A Neo-Adjuvant Study of Sequential Epirubicin and Docetaxel in Combination With Capecitabine in Patients With Locally Advanced Breast Cancer
OBJECTIVES:
Primary
- Describe the pathologic response rate in chemotherapy-naive women with locally advanced
breast cancer (stage IIIA or IIIB) after 6 courses of sequential neoadjuvant therapy
with epirubicin hydrochloride and a combination of docetaxel with capecitabine .
- Describe the adverse events of sequential epirubicin hydrochloride and a combination of
docetaxel with capecitabine in this patient population.
Secondary
- Identify by transcriptional profiling the differential expression of candidate gene
products that confer chemosensitivity to epirubicin hydrochloride, docetaxel, and
capecitabine.
- Correlate the differential expression of known genetic polymorphisms of intracellular
regulators involved in the metabolism of epirubicin hydrochloride, docetaxel, and
capecitabine with adverse events and tumor response.

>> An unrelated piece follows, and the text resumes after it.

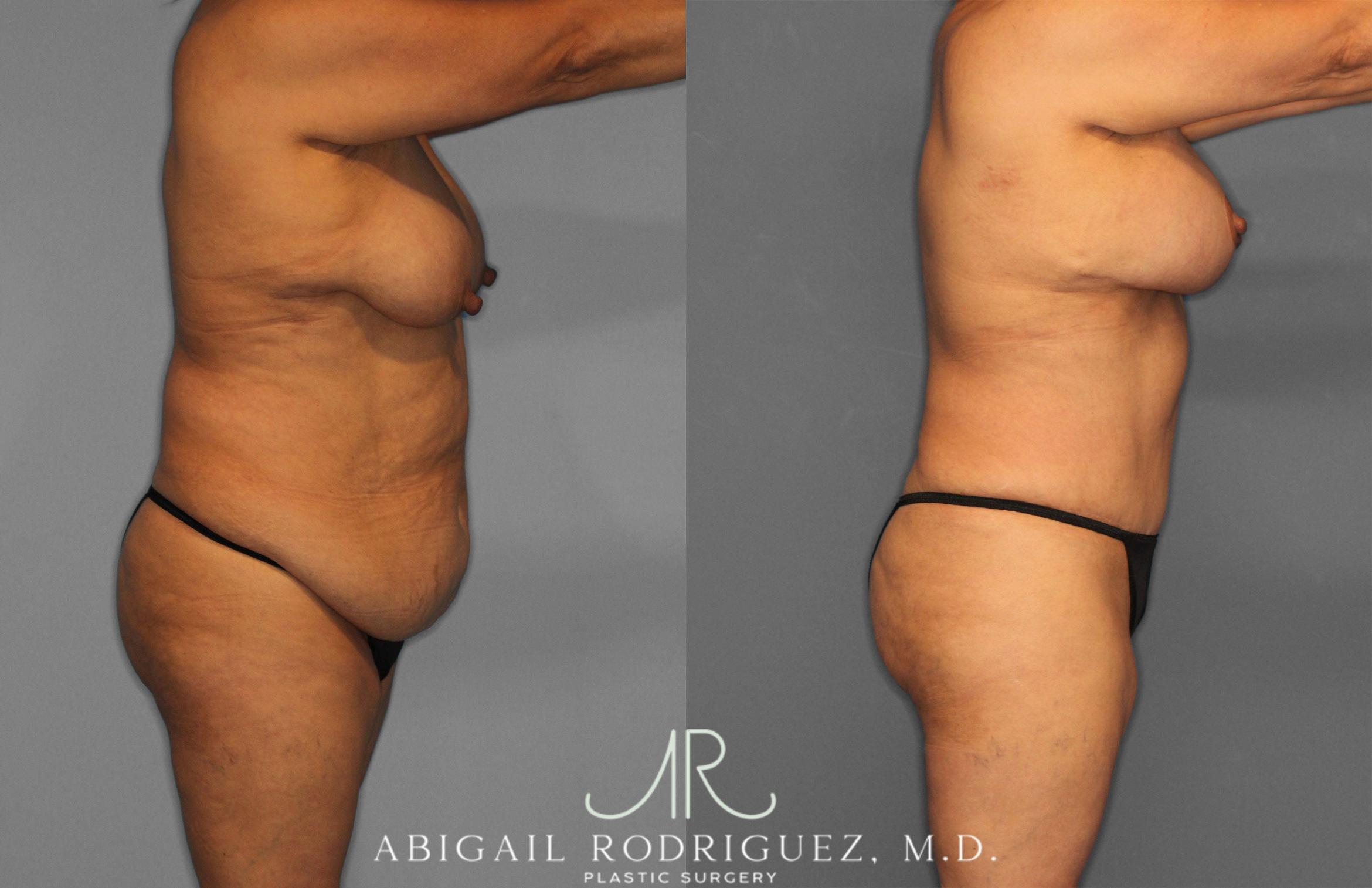 Before & After Tummy Tuck Case 258489 View 8 View in Houston, TX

- Assess individual patient variation in clinical (toxicity and/or activity), in
pharmacologic (pharmacokinetic/pharmacodynamic parameters), and/or biologic
(correlative laboratory study results) responses to epirubicin hydrochloride,
docetaxel, and capecitabine due to genetic differences in proteins involved in drug
response (transport, metabolism and/or mechanism of action).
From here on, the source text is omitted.